Instructions to follow -> Below are some records. Return exactly the lines from the one with "照片卷曲的黑发女孩闭上眼睛的美丽概念孤立的灰色背景图片下载" to the one with "White Gold Diamond", and nothing else.
** Records for the task follows **
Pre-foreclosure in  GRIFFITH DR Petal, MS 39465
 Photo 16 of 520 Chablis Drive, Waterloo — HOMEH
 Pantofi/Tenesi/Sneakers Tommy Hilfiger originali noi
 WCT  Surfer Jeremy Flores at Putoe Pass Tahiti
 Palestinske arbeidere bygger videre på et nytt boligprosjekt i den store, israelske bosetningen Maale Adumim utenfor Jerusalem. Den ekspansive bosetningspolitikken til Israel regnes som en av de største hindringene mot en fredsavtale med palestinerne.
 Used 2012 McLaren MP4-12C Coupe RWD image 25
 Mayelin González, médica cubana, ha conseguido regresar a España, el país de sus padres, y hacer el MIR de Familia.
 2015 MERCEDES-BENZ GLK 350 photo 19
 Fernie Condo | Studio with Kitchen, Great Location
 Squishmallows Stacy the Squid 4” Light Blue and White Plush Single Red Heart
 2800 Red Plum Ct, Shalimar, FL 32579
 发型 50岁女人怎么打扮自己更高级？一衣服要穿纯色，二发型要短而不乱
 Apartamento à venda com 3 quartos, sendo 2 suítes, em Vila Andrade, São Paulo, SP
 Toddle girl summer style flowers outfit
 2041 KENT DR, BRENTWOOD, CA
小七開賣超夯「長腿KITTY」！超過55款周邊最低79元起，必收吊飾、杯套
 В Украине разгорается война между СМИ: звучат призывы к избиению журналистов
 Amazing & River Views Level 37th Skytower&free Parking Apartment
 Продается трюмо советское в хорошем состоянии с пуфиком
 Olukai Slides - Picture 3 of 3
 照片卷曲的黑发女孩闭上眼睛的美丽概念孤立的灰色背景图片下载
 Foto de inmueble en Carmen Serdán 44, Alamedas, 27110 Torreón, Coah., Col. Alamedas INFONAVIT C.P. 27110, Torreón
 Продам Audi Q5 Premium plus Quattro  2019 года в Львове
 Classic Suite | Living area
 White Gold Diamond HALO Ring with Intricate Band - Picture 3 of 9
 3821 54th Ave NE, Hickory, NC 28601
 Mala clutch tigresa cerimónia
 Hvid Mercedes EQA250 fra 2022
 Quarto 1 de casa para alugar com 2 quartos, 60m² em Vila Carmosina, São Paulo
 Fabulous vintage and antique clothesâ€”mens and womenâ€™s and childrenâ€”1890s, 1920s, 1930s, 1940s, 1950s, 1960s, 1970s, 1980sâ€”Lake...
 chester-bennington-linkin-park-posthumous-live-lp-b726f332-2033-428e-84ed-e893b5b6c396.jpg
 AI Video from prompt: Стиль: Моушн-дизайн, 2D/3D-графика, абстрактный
** End of Records for the task **
Response ->
 照片卷曲的黑发女孩闭上眼睛的美丽概念孤立的灰色背景图片下载
 Foto de inmueble en Carmen Serdán 44, Alamedas, 27110 Torreón, Coah., Col. Alamedas INFONAVIT C.P. 27110, Torreón
 Продам Audi Q5 Premium plus Quattro  2019 года в Львове
 Classic Suite | Living area
 White Gold Diamond HALO Ring with Intricate Band - Picture 3 of 9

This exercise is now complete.